TASK TO CARRY OUT: Transcription should be exact. Include all entries.
(MATERIALS PROVIDED begins)
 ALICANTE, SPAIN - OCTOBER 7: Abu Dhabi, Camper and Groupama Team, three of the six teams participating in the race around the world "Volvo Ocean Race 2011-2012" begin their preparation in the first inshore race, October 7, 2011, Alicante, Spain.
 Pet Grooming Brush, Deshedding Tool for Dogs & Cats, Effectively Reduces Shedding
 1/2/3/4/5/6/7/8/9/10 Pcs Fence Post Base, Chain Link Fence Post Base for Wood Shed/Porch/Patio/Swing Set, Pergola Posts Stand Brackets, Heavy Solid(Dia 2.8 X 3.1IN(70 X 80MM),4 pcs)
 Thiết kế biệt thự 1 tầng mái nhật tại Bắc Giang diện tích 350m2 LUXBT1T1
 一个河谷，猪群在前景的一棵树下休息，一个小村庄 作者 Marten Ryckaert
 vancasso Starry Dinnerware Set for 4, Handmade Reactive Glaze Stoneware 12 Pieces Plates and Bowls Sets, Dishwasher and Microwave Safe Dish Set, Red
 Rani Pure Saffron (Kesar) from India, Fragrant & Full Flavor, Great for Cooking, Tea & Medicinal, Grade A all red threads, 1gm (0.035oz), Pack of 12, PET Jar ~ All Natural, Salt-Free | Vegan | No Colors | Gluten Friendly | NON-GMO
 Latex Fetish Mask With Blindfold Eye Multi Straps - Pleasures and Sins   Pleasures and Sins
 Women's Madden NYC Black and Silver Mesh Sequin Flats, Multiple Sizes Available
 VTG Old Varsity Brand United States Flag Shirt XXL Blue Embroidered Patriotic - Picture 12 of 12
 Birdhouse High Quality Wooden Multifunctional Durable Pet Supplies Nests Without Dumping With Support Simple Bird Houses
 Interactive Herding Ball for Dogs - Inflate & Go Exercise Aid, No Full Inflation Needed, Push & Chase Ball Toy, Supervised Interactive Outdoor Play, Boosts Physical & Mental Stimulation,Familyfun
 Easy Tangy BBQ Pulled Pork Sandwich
(MATERIALS PROVIDED ends)
TASK RESULT:
 ALICANTE, SPAIN - OCTOBER 7: Abu Dhabi, Camper and Groupama Team, three of the six teams participating in the race around the world "Volvo Ocean Race 2011-2012" begin their preparation in the first inshore race, October 7, 2011, Alicante, Spain.
 Pet Grooming Brush, Deshedding Tool for Dogs & Cats, Effectively Reduces Shedding
 1/2/3/4/5/6/7/8/9/10 Pcs Fence Post Base, Chain Link Fence Post Base for Wood Shed/Porch/Patio/Swing Set, Pergola Posts Stand Brackets, Heavy Solid(Dia 2.8 X 3.1IN(70 X 80MM),4 pcs)
 Thiết kế biệt thự 1 tầng mái nhật tại Bắc Giang diện tích 350m2 LUXBT1T1
 一个河谷，猪群在前景的一棵树下休息，一个小村庄 作者 Marten Ryckaert
 vancasso Starry Dinnerware Set for 4, Handmade Reactive Glaze Stoneware 12 Pieces Plates and Bowls Sets, Dishwasher and Microwave Safe Dish Set, Red
 Rani Pure Saffron (Kesar) from India, Fragrant & Full Flavor, Great for Cooking, Tea & Medicinal, Grade A all red threads, 1gm (0.035oz), Pack of 12, PET Jar ~ All Natural, Salt-Free | Vegan | No Colors | Gluten Friendly | NON-GMO
 Latex Fetish Mask With Blindfold Eye Multi Straps - Pleasures and Sins   Pleasures and Sins
 Women's Madden NYC Black and Silver Mesh Sequin Flats, Multiple Sizes Available
 VTG Old Varsity Brand United States Flag Shirt XXL Blue Embroidered Patriotic - Picture 12 of 12
 Birdhouse High Quality Wooden Multifunctional Durable Pet Supplies Nests Without Dumping With Support Simple Bird Houses
 Interactive Herding Ball for Dogs - Inflate & Go Exercise Aid, No Full Inflation Needed, Push & Chase Ball Toy, Supervised Interactive Outdoor Play, Boosts Physical & Mental Stimulation,Familyfun
 Easy Tangy BBQ Pulled Pork Sandwich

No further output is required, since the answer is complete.